The impact of an ever-changing people scene is that those people may not understand their business, Shapiro says. “They may not understand the roots of our business or the extent of loyalty over an extended period of time. We really spend a lot of time sharing with our suppliers, not the least of which is our roots, but how we think and what we think. We share a lot of information with our suppliers that I know many distributors do not and the reality is that we are in the middle of a supply chain and we need our suppliers as much as we need our customers. The better they understand that the better they understand our capabilities or non-capabilities, and the better that relationship can be.”
But sometimes you lose by default, he says. “Some of those customers are multi-national as well. So you got multi-nationals using the products of multi-nationals and you’ve got behaviours and relationships that are out of sight and we don’t know what those relationships are like in other parts of the world between that multi-national customer and that multi-national supplier.”
Shapiro attributes much of the company’s success to being involved in trade associations. Franklin Empire is currently a member of Electro-Federation Canada and Affiliated Distributors. They first joined CEDA in 1976, an organization that he went on to chair.
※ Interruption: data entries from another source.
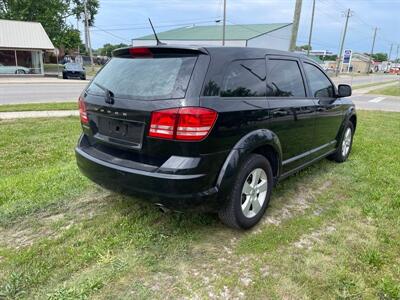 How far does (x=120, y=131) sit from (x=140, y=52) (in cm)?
77

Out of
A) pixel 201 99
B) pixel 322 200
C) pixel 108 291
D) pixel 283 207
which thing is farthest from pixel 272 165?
pixel 108 291

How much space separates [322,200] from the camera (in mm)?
4062

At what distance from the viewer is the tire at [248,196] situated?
296 centimetres

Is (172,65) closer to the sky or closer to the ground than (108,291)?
closer to the sky

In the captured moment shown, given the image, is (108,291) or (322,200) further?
(322,200)

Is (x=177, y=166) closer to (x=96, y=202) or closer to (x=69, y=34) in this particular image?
(x=96, y=202)

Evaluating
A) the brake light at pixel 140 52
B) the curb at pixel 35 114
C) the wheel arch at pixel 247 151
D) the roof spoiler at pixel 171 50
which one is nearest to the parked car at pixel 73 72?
the curb at pixel 35 114

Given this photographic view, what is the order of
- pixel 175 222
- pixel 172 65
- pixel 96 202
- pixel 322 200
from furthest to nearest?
pixel 322 200
pixel 96 202
pixel 175 222
pixel 172 65

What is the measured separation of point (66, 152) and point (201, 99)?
3950 mm

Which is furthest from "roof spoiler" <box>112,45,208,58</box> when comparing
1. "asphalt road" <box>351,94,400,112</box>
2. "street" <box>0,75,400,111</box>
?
"asphalt road" <box>351,94,400,112</box>

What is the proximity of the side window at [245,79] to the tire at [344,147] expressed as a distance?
8.86 ft

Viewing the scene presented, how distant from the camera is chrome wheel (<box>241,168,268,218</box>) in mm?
3150

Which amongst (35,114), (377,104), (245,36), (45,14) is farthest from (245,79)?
(245,36)

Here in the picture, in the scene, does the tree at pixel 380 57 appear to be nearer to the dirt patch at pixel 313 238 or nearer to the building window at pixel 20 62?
the building window at pixel 20 62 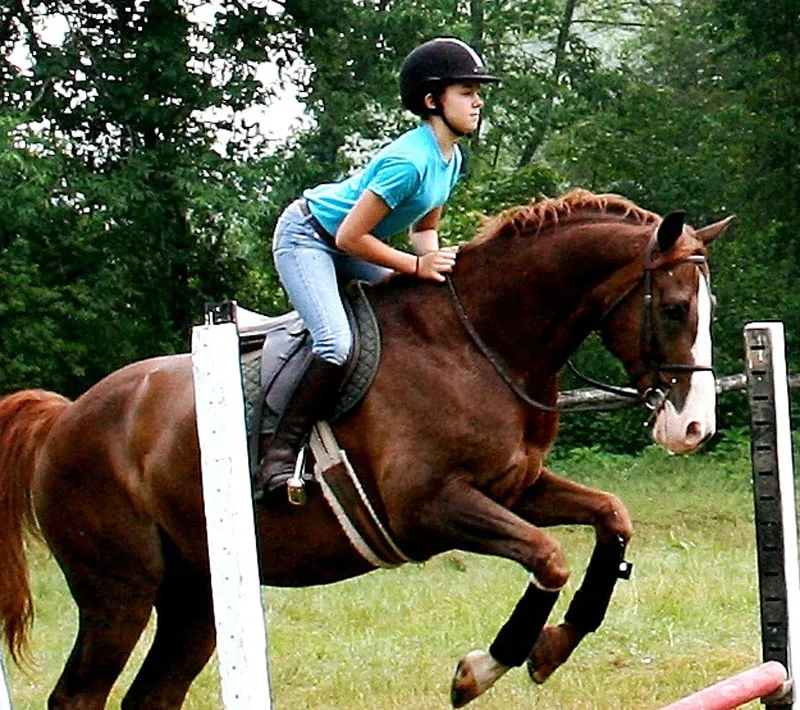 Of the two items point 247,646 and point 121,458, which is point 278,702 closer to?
point 121,458

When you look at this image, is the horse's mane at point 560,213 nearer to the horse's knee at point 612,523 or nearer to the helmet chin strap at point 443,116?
the helmet chin strap at point 443,116

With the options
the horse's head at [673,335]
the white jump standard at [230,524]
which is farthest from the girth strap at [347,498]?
the white jump standard at [230,524]

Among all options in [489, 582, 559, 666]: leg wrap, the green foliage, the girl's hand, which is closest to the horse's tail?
the girl's hand

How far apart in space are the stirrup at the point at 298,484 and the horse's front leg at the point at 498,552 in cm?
41

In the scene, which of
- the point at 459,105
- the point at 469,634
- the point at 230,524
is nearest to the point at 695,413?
the point at 459,105

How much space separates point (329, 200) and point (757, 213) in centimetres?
1751

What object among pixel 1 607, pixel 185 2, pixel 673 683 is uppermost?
pixel 185 2

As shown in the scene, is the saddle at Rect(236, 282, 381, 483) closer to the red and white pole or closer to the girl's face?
the girl's face

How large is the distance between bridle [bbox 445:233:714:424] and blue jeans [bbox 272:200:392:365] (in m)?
0.40

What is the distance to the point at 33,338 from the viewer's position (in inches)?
679

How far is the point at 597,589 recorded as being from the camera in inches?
190

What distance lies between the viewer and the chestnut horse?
466 cm

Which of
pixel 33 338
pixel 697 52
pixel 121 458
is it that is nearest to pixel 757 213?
pixel 697 52

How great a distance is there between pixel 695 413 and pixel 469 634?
3531 millimetres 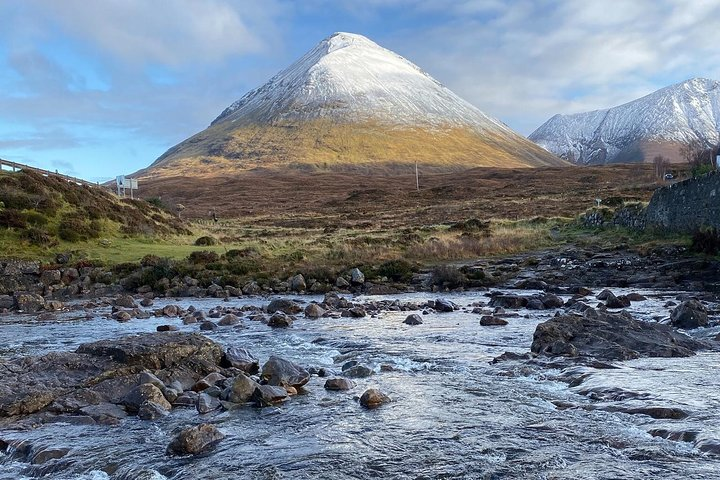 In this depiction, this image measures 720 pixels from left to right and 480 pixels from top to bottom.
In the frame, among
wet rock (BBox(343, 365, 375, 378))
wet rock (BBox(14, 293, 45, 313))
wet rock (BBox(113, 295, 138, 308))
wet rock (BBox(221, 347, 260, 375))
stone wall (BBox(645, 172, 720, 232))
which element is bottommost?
wet rock (BBox(343, 365, 375, 378))

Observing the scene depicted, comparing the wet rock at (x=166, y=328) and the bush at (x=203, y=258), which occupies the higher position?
the bush at (x=203, y=258)

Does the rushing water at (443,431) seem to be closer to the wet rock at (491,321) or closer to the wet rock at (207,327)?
the wet rock at (491,321)

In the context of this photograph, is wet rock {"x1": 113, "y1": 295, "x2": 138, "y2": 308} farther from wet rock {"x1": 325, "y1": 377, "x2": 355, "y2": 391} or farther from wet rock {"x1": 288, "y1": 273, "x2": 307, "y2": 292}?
wet rock {"x1": 325, "y1": 377, "x2": 355, "y2": 391}

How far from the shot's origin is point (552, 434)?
27.2 ft

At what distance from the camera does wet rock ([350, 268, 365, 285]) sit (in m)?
27.5

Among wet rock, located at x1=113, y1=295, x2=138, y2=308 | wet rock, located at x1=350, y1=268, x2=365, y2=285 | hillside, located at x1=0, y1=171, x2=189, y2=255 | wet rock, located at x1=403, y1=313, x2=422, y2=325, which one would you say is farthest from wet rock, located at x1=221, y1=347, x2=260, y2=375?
hillside, located at x1=0, y1=171, x2=189, y2=255

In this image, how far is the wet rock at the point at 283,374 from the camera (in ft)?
36.4

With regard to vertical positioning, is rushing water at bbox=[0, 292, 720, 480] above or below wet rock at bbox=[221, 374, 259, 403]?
below

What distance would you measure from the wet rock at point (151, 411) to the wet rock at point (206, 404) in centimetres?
52

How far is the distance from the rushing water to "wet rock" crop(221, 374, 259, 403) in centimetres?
41

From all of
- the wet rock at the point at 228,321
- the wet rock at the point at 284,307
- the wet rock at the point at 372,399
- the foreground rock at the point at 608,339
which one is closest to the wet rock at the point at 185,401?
the wet rock at the point at 372,399

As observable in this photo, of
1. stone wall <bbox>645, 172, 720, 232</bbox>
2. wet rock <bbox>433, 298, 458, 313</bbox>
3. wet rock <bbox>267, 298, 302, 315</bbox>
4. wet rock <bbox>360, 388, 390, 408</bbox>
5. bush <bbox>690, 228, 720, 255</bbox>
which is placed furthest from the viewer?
stone wall <bbox>645, 172, 720, 232</bbox>

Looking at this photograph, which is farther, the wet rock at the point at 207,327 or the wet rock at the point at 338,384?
the wet rock at the point at 207,327

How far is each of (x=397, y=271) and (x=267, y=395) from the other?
1889 cm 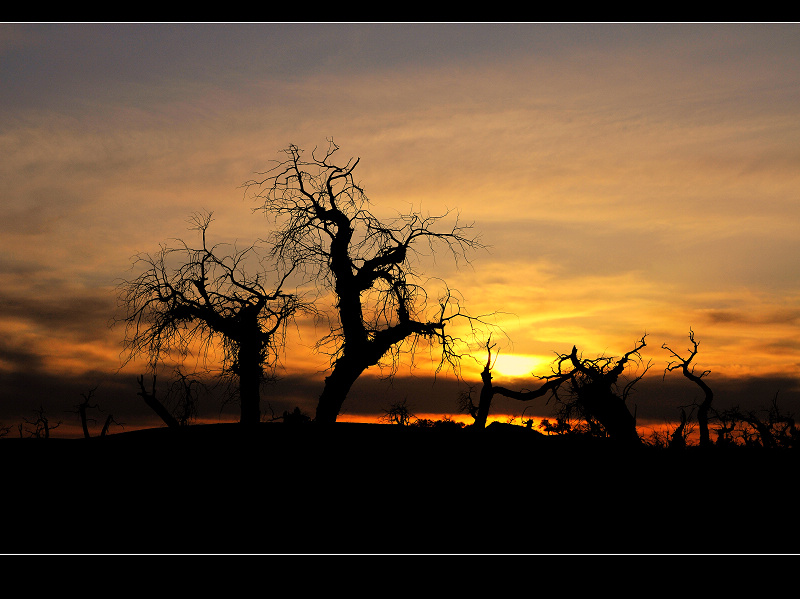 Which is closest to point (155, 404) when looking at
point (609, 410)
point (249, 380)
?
point (249, 380)

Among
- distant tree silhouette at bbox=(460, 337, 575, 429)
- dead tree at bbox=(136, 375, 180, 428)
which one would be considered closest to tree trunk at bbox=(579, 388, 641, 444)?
distant tree silhouette at bbox=(460, 337, 575, 429)

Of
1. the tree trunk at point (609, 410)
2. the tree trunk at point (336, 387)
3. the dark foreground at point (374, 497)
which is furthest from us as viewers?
the tree trunk at point (609, 410)

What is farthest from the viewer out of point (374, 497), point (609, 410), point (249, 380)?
point (609, 410)

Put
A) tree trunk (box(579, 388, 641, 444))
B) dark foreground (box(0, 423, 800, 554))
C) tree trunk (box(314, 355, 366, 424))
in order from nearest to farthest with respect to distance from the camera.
Answer: 1. dark foreground (box(0, 423, 800, 554))
2. tree trunk (box(314, 355, 366, 424))
3. tree trunk (box(579, 388, 641, 444))

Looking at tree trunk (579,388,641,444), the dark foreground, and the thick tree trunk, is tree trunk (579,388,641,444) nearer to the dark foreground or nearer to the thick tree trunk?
the dark foreground

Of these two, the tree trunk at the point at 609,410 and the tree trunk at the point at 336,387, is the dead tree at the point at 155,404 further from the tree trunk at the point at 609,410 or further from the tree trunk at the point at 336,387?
the tree trunk at the point at 609,410

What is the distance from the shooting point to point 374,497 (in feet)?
35.6

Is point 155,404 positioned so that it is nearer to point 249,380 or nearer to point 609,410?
point 249,380

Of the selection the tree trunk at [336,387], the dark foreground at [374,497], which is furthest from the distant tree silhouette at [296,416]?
the dark foreground at [374,497]

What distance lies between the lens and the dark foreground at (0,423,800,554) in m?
10.4

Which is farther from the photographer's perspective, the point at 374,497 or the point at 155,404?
the point at 155,404

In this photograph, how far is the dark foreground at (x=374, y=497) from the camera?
1037 centimetres

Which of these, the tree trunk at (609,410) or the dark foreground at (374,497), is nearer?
the dark foreground at (374,497)

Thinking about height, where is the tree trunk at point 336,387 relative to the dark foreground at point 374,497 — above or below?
above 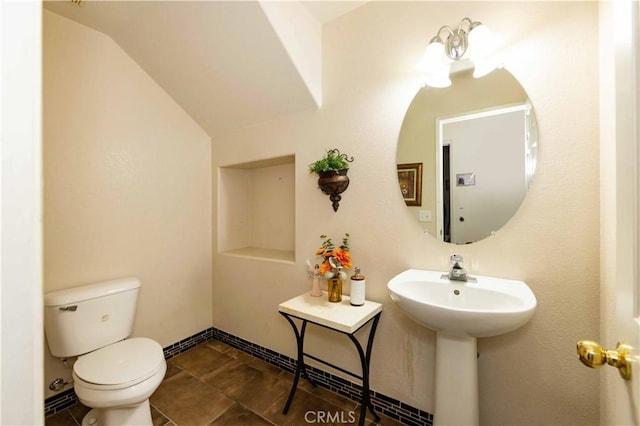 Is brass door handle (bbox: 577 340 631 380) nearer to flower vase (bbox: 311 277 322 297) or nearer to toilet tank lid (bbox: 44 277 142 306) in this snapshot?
flower vase (bbox: 311 277 322 297)

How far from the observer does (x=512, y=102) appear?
4.09 feet

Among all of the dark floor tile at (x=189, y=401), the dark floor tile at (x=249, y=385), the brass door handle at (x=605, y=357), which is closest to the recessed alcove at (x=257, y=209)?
the dark floor tile at (x=249, y=385)

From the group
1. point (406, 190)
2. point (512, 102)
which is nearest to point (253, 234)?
point (406, 190)

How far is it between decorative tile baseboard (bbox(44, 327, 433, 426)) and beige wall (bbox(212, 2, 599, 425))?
6cm

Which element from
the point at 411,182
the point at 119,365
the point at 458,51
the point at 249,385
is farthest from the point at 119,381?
the point at 458,51

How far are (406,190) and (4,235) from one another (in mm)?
1501

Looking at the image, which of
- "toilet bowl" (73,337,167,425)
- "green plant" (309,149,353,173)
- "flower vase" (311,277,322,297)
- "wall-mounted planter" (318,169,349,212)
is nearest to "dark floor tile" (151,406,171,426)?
"toilet bowl" (73,337,167,425)

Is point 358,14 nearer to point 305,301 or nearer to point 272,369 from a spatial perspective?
point 305,301

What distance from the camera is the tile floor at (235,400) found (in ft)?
5.05

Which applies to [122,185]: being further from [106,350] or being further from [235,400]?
[235,400]

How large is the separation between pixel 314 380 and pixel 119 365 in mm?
1185

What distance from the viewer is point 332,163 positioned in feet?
5.49

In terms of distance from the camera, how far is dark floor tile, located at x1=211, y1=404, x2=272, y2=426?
151 cm

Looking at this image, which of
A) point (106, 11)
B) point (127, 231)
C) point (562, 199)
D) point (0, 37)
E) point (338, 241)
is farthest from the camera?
point (127, 231) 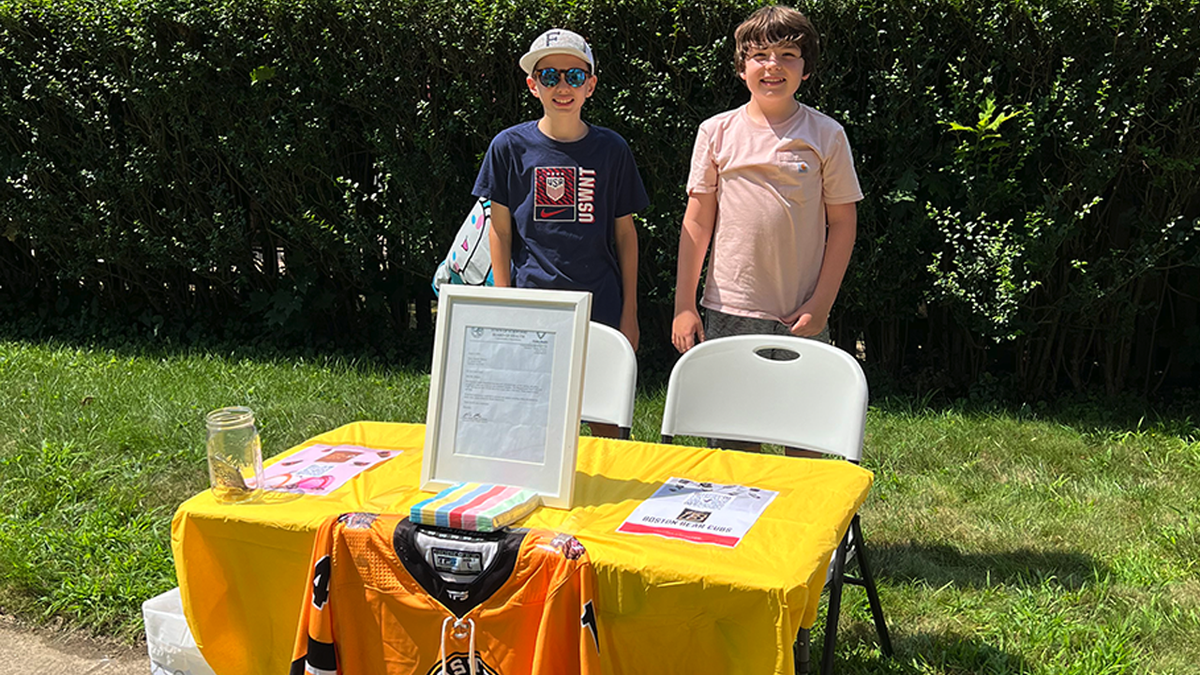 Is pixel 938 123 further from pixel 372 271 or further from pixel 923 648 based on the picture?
pixel 372 271

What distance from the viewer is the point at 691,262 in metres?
3.40

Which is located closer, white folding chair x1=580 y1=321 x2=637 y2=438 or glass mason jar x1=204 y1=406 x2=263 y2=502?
glass mason jar x1=204 y1=406 x2=263 y2=502

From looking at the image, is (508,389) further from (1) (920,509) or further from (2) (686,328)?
(1) (920,509)

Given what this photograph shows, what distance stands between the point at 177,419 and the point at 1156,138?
4888 millimetres

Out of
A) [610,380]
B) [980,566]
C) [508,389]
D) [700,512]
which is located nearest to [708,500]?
[700,512]

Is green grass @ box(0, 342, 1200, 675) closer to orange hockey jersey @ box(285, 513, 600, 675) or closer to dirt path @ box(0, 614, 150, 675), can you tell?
dirt path @ box(0, 614, 150, 675)

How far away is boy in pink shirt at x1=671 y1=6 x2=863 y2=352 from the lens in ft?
10.5

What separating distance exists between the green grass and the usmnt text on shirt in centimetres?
154

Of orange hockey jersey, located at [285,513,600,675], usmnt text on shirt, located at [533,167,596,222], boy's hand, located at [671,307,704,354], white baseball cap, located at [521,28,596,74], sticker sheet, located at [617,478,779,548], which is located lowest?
orange hockey jersey, located at [285,513,600,675]

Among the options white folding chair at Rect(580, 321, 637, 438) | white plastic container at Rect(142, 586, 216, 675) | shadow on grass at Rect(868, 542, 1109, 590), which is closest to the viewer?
white plastic container at Rect(142, 586, 216, 675)

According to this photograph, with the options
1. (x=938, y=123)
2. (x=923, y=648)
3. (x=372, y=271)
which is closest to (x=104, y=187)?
(x=372, y=271)

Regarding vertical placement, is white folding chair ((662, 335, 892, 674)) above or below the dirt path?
above

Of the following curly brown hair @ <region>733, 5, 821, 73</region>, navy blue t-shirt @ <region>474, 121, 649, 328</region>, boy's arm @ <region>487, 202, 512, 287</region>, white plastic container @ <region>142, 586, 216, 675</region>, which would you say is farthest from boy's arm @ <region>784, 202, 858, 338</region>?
white plastic container @ <region>142, 586, 216, 675</region>

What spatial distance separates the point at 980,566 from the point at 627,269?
161 centimetres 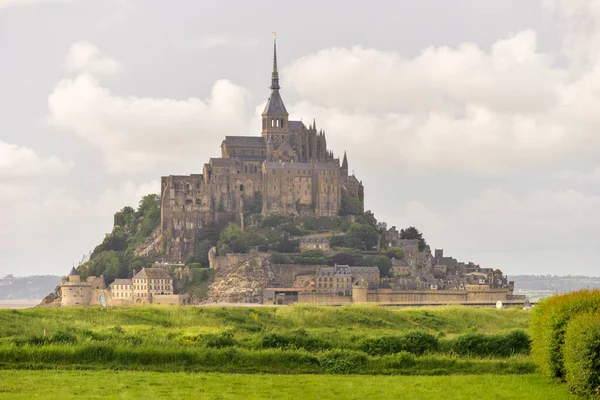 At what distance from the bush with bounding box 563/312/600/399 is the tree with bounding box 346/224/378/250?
99.2 meters

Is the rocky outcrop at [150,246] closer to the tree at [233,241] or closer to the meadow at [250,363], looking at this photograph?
the tree at [233,241]

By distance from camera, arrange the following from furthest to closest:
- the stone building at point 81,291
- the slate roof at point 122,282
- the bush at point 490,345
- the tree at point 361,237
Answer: the tree at point 361,237, the stone building at point 81,291, the slate roof at point 122,282, the bush at point 490,345

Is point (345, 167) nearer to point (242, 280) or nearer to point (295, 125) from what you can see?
point (295, 125)

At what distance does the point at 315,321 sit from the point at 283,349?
52.1ft

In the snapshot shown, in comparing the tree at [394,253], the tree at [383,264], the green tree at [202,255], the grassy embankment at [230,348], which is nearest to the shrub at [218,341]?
the grassy embankment at [230,348]

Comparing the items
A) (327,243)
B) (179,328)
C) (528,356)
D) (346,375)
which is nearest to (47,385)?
(346,375)

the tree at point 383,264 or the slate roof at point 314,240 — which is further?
the slate roof at point 314,240

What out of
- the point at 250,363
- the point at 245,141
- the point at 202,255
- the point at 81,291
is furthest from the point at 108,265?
the point at 250,363

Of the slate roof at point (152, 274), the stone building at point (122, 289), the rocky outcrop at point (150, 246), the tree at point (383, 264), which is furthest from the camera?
the rocky outcrop at point (150, 246)

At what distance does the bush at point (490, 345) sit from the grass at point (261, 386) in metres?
6.83

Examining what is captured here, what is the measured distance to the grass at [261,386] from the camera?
25.7 metres

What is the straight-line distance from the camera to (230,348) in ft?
110

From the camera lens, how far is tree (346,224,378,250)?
125 metres

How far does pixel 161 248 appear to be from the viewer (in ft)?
413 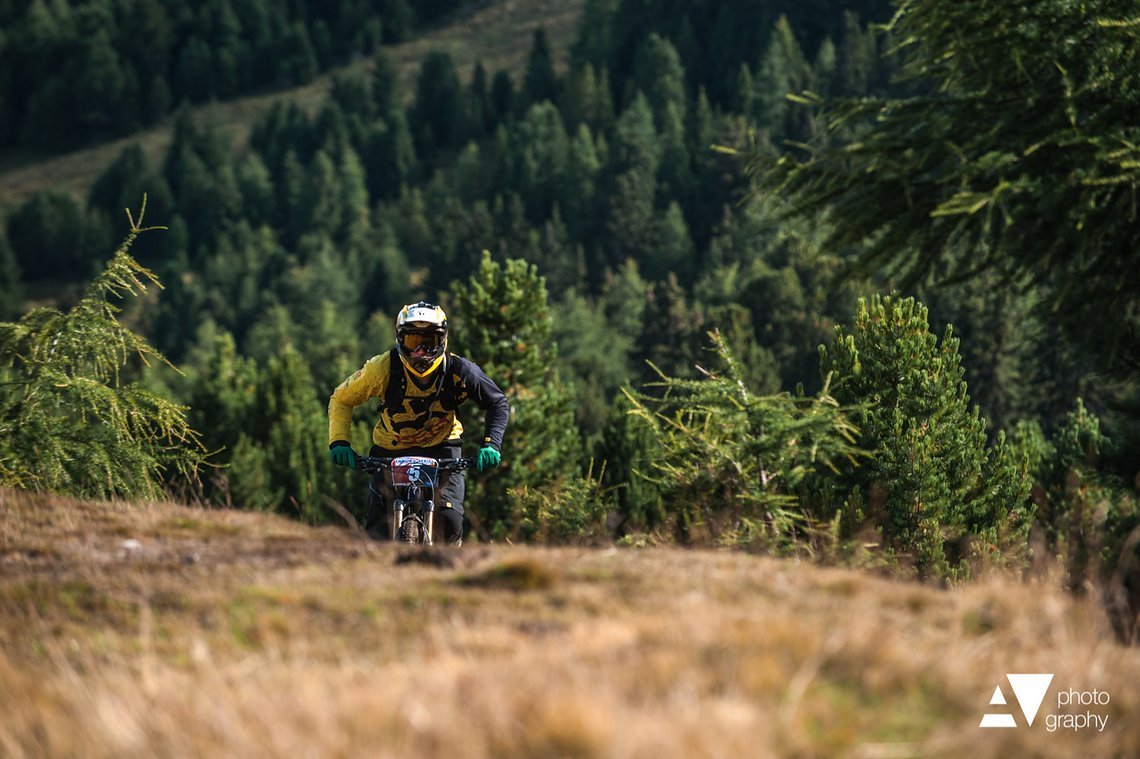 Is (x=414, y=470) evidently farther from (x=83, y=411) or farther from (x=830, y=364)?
(x=830, y=364)

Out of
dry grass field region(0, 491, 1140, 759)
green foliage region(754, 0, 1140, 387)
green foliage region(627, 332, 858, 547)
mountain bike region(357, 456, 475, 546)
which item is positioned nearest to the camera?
dry grass field region(0, 491, 1140, 759)

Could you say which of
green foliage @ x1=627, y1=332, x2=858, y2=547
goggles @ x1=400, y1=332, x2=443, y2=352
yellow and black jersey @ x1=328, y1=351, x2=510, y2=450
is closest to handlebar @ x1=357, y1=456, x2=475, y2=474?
yellow and black jersey @ x1=328, y1=351, x2=510, y2=450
“We were a very small distributor when I came into it and I would not have ordinary crossed paths with the national chains. We were different worlds. My relationship with CEDA and Electro-Fed allowed me to meet all those people. I knew all the decision makers in the industry whether I did business with them or not via that. Union Electric, the company my father worked for, went out of business in ’93. And Union were the largest, even when they went bankrupt, and they choose not to be part of the industry trade association because they thought that the fees were too high and they weren’t getting their money’s worth. So the net result was they are no longer around and I attribute our position in the marketplace to that, to the relationships that either began or got reinforced as being part of a trade association.”
People, relationships, they are all challenges. But don’t mistake a challenge for worry. Asked if there are any other worries on his radar, Shapiro responds: “We don’t worry, that’s not our style. You play the hand you’re dealt the best you can and if you do more right than wrong on a consistent basis, you’re going to come right side up.”